Paul Eddington and Nigel Hawthorne were justly praised for their acting, but Lynn still seethes that when the BAFTAs were handed out to the programme year after year, he and Antony Jay were not once invited to the awards ceremony.
Scriptwriters were overlooked as menials.

Now, this has happened to me too. Lynn is right. When The Life And Death Of Peter Sellers, which I wrote, was garnering 23 major prizes (Golden Globes, Screen Actors’ Guild gongs, you name it), I was left sitting at home, because I was ‘only the author’ - the exact words used. My Emmy certificate arrived months later in the post.
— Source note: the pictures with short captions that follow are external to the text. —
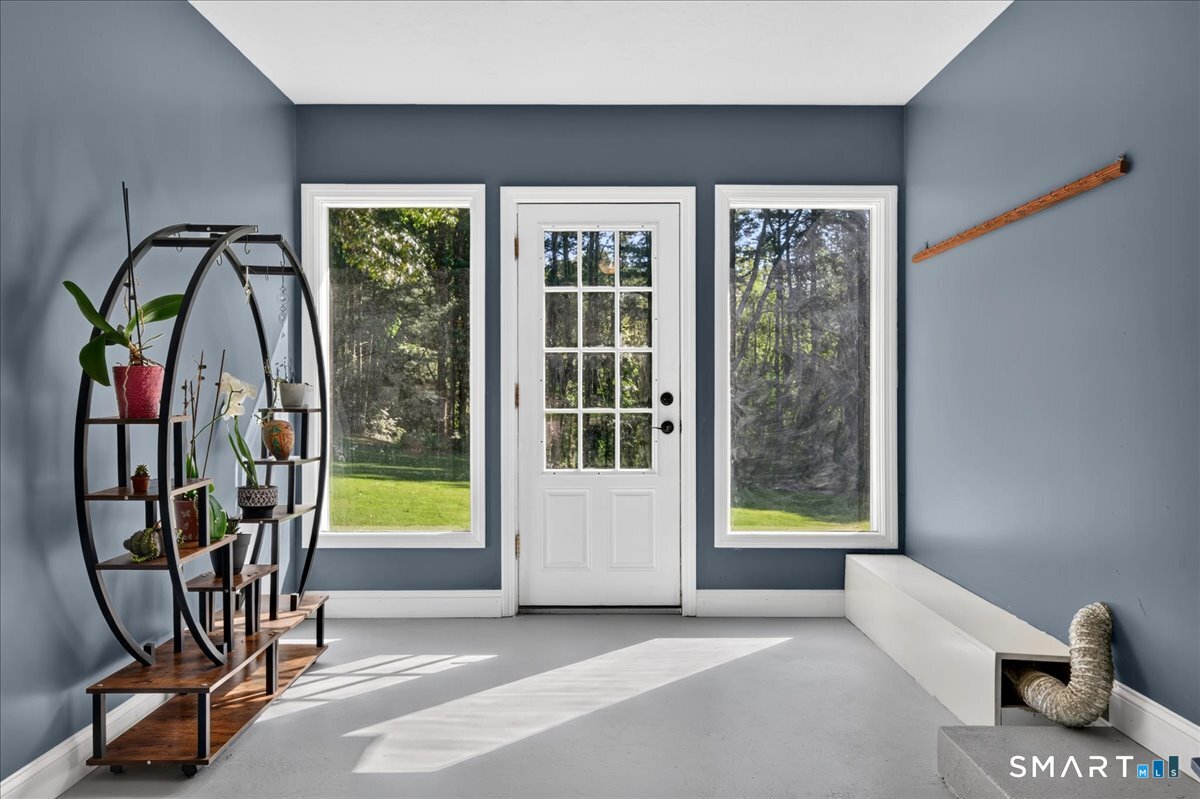 21 Thompson Road Franklin CT 06254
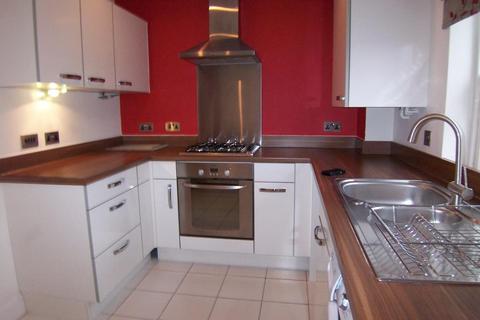 2 bedroom apartment to rent, 3 St. Julians Mews, St. Julians Friars, Shrewsbury, Shropshire, SY1 1XN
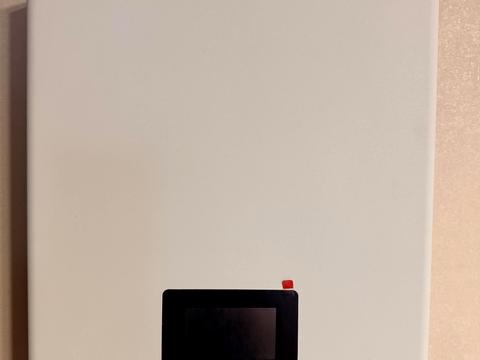 квартира по адресу Джона Маккейна ул. (Кудри Ивана), 35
Lynn and Jay spent a fortnight concocting each episode, for which they were paid £10,000, ‘a pittance by today’s standards’. (My remuneration for The Life And Death Of Peter Sellers worked out at £138 a week.)

Presumably Lynn’s income got to be higher when he was invited to Hollywood. He directed Joe Pesci in My Cousin Vinny, Robbie Coltrane in Nuns On The Run, Steve Martin in Sergeant Bilko and Bruce Willis in The Whole Nine Yards, among others. From these experiences, the biggest lesson he learned was that cinemas need to be air-conditioned. ‘People do not laugh when they get hot.’

I hope that an enlightened management will allow Lynn to explore one particularly brilliant idea - to alternate productions of Macbeth, one starring Brian Cox and done traditionally, then on the next night - using the same set and costumes and, of course, the same script - there’d be a farcical interpretation, starring John Cleese.

As Lynn observes perceptively, tragedy and farce both involve ‘serious characters doing desperate things because they have left themselves no choice’.

Lynn outlined this plan to Sir Peter Hall, the National Theatre maestro, who ‘stared at me for about a minute, in complete silence. Then he simply changed the subject and never referred to the idea again’. That says a lot about Sir Peter Hall.
I cherished this book - as we must all cherish Jonathan Lynn. It is worth the purchase price for the portrait of the late Jack Rosenthal alone.

Lynn was in Rosenthal’s TV play Bar Mitzvah Boy and says of the writer: ‘What all his plays had in common were his great personal qualities - generosity of spirit, warmth, empathy, humanity - which shone out of all his work and made it accessible to everybody’.

This contradicts the comedy-as-anger thesis, but what the hell.